The Sound of Things Falling opens in 2009 with the narrator, a young, disaffected law professor, Antonio Yammara, reading a magazine article in which he learns that a marauding hippopotamus that had escaped from drug kingpin Pablo Escobar’s private zoo had been shot and killed. Antonio then ruminates on a cautious friendship that he had formed with the middle-aged Ricardo Laverde. The two men had met in a Bogota billiards hall when Ricardo struck up a conversation about his concern for the animals starving in Escobar’s zoo. Antonio is present several months later when Ricardo listens to a black box recording of a doomed plane carrying his long-estranged wife from Miami to Cali, and is then gravely wounded while witnessing Ricardo being shot dead by masked men on motorcycles.

Learning why Ricardo was assassinated becomes Antonio’s obsession, and his investigation takes him backwards through Ricardo’s history and forward into its consequences. Antonio meets with Ricardo’s adult daughter, Maya Fritts, who is attempting to reconstruct her father’s life. Maya explains that her American mother had come to Bogota in 1969 as a Peace Corp worker, and had met Ricardo when his family served as her local host. Ricardo’s plan to restore his family’s faded glory caused him to use his piloting skills to smuggle drugs during the 1970s. He was arrested by DEA agents and served a lengthy prison sentence. In his absence, Maya’s mother constructed a world in which Ricardo no longer existed, and Maya become one of hundreds of “fictitious orphans,” whose fathers were drug traffickers jailed in the United States.

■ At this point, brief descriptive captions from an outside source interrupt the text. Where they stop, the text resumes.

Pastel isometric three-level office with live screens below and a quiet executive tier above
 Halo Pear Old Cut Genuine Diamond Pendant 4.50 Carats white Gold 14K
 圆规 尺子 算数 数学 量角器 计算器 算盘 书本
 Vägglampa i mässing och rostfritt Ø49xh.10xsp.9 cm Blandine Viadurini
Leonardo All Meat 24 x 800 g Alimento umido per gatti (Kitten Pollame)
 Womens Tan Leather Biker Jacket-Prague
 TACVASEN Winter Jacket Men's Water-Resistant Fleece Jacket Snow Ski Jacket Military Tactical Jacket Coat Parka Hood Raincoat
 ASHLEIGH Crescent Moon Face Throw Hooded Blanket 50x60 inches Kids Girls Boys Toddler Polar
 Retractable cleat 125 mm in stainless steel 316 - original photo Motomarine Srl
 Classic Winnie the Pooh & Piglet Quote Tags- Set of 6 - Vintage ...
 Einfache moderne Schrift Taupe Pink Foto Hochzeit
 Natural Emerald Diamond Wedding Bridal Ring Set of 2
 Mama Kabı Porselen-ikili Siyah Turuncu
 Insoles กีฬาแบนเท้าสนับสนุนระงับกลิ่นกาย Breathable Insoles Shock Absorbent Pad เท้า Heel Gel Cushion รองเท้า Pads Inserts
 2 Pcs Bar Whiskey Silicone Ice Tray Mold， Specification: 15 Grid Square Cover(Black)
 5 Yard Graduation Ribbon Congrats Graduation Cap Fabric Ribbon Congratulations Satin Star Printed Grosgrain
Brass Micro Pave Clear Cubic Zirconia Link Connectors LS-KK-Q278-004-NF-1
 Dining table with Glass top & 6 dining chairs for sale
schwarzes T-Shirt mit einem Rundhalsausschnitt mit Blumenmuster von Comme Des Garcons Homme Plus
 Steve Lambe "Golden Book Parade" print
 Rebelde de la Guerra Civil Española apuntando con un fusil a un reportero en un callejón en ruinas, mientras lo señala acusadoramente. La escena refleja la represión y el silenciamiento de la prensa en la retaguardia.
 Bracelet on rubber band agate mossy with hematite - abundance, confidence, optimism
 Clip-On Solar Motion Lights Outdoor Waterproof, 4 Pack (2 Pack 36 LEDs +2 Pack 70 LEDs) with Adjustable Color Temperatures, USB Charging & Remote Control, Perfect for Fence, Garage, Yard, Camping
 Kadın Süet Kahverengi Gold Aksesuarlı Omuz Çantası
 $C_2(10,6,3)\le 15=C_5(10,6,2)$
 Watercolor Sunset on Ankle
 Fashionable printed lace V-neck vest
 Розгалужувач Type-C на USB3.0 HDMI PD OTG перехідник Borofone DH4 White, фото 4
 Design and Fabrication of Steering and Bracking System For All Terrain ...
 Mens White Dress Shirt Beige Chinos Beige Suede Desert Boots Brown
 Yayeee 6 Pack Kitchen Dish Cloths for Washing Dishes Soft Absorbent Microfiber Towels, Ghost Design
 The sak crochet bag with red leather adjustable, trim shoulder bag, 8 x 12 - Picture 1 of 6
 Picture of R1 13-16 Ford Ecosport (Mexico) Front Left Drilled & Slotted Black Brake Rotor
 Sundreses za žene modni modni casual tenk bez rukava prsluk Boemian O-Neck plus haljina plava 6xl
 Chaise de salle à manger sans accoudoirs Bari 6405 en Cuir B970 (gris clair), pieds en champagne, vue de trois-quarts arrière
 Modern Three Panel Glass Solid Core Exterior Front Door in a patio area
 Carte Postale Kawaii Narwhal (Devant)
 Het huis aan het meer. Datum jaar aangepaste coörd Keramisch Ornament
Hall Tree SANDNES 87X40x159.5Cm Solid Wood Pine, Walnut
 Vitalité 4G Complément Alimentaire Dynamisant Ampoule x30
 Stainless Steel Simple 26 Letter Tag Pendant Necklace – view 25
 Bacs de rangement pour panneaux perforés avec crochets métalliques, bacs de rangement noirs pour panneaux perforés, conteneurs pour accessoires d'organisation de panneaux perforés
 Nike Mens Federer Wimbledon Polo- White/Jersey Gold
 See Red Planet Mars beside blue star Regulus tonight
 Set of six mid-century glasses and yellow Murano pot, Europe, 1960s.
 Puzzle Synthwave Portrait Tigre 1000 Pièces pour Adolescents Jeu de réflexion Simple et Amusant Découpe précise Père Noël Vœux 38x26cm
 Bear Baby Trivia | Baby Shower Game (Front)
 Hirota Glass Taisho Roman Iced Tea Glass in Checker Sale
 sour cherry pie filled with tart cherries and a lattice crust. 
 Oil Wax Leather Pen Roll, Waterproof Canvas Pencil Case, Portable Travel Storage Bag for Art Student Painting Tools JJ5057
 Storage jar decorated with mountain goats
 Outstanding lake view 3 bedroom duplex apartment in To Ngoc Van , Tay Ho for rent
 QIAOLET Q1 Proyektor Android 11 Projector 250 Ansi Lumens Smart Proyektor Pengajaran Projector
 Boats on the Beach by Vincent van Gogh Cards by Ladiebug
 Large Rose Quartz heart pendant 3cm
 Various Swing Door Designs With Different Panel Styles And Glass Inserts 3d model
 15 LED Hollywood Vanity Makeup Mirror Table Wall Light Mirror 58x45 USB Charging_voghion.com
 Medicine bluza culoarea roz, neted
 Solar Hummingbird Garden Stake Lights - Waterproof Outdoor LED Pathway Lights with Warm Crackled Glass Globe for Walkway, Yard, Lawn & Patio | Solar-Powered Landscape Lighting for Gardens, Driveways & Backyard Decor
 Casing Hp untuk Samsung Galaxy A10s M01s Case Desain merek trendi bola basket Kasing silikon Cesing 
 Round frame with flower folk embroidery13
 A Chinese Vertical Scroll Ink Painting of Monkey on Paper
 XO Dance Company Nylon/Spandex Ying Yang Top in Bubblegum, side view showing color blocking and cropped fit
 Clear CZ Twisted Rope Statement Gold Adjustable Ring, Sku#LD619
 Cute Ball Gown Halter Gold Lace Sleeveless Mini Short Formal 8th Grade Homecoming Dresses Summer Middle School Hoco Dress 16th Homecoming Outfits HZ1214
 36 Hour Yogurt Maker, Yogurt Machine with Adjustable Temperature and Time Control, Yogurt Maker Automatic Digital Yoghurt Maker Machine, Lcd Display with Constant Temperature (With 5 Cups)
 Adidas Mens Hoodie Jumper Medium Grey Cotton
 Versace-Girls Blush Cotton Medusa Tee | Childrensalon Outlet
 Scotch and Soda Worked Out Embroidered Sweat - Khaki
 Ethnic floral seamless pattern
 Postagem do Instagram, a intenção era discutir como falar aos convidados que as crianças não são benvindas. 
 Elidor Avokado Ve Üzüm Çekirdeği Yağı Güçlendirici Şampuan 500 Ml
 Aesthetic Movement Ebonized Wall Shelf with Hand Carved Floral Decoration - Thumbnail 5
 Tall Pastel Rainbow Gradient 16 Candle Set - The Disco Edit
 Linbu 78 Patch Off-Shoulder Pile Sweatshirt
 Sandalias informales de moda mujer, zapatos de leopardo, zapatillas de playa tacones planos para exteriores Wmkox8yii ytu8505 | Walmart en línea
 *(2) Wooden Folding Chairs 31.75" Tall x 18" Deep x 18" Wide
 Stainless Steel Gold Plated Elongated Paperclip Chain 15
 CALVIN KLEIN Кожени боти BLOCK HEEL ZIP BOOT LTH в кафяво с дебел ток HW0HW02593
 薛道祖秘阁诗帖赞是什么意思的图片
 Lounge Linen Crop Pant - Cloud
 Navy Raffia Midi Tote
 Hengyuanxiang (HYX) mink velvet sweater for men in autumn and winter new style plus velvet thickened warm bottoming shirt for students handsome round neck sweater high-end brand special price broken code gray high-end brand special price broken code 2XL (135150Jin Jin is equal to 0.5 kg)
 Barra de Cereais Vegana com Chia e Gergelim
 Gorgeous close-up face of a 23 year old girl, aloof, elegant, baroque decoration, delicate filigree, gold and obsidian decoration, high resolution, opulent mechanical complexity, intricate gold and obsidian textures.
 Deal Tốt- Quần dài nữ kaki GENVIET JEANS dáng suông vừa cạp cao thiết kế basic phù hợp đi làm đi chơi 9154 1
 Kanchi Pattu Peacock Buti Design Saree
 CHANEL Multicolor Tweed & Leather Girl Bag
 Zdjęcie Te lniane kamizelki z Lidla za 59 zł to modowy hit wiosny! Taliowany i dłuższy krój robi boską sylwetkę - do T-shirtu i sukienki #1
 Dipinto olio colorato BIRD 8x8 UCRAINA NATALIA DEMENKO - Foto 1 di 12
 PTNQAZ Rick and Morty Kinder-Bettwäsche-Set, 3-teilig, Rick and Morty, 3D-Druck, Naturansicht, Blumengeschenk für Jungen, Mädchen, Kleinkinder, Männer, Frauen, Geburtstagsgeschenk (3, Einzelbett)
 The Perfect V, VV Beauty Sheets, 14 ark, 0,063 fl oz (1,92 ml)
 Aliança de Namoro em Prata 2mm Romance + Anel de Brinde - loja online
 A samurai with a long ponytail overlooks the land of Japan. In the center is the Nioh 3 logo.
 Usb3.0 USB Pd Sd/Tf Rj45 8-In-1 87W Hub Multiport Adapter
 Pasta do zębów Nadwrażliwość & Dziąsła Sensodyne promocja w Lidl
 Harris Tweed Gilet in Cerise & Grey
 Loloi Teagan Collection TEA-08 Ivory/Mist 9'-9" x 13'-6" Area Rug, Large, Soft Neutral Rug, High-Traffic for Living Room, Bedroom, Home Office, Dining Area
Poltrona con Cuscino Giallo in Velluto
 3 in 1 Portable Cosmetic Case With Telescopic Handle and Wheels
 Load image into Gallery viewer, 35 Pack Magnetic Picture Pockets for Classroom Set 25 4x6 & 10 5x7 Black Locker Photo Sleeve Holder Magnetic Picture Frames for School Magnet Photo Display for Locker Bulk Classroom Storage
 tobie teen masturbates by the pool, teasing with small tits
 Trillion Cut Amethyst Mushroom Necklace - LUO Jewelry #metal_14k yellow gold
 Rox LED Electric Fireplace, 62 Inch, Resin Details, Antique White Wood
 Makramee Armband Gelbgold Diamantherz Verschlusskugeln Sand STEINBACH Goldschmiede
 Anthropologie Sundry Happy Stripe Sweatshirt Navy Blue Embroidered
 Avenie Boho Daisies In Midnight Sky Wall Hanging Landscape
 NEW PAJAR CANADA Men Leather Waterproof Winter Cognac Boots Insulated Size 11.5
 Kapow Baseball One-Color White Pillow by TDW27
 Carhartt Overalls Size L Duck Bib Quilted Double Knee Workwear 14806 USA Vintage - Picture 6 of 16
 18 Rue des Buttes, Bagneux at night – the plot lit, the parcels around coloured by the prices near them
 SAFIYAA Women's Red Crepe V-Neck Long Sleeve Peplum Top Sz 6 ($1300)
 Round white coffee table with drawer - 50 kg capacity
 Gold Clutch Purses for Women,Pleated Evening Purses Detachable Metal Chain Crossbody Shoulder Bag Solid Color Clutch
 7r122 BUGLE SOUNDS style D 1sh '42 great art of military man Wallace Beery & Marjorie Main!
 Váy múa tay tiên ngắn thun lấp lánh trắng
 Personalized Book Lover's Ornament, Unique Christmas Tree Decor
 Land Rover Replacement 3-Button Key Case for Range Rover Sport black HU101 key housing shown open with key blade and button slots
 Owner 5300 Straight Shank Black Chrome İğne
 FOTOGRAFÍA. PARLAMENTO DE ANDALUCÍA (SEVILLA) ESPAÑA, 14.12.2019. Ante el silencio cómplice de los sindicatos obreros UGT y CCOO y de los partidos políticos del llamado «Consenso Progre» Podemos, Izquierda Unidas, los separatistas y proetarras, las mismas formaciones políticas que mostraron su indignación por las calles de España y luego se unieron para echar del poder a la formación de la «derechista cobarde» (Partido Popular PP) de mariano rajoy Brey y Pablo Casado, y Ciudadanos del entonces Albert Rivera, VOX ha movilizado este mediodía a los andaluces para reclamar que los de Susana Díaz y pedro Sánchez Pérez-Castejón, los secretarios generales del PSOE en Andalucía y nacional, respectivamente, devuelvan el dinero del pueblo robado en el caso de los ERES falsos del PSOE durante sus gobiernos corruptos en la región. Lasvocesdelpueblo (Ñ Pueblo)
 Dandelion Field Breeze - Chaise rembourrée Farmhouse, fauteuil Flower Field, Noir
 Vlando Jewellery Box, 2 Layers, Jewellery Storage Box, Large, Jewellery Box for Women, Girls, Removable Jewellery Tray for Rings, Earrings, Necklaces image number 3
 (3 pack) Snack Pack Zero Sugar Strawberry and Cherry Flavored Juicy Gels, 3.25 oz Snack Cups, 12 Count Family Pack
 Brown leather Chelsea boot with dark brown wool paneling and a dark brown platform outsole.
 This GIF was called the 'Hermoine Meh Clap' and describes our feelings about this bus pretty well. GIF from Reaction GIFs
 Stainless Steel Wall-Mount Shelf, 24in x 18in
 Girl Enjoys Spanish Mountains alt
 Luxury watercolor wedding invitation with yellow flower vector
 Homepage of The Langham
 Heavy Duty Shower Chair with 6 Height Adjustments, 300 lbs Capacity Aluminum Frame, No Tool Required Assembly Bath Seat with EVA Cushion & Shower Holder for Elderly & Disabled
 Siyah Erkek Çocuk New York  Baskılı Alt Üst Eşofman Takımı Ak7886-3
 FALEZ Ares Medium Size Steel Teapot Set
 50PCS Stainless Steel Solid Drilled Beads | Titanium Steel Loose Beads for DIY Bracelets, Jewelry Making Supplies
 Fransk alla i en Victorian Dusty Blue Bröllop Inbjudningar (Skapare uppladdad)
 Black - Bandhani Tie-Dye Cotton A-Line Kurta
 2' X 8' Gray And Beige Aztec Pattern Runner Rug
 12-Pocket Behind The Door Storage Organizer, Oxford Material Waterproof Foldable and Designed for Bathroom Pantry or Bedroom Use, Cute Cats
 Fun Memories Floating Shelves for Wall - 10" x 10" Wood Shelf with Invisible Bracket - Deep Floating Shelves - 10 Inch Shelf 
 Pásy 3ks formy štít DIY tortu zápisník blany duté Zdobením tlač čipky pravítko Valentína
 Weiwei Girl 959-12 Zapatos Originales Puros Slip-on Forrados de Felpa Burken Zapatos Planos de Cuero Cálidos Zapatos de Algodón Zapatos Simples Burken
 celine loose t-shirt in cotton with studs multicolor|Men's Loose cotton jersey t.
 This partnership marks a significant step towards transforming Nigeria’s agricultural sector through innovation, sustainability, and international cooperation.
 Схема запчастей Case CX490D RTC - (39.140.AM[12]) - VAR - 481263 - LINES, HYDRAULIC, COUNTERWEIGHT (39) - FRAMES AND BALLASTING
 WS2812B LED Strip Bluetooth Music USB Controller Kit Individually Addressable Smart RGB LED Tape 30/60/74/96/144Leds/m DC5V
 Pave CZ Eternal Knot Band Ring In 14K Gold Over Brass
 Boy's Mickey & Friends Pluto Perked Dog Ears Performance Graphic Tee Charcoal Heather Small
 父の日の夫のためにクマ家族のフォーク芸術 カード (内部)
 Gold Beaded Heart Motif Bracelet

Although Vasquez shows the impact on individual lives destroyed by drugs, his canvas his larger. He depicts an entire nation weary from the corruption and crime wrought by narcoterrorism that began with the rise of Escobar in the late 1970s. As Antonio muses, “how many traversed their teenage years and fearfully became adults while the city around them sank into fear and the sound of gunshots and bombs without anyone’s having declared any war, or at least not a conventional war, if such thing exists. That’s what I’d like to know, how many left my city feeling in one way or another that they were saving themselves, and how many felt that by saving themselves they were betraying something. . . .”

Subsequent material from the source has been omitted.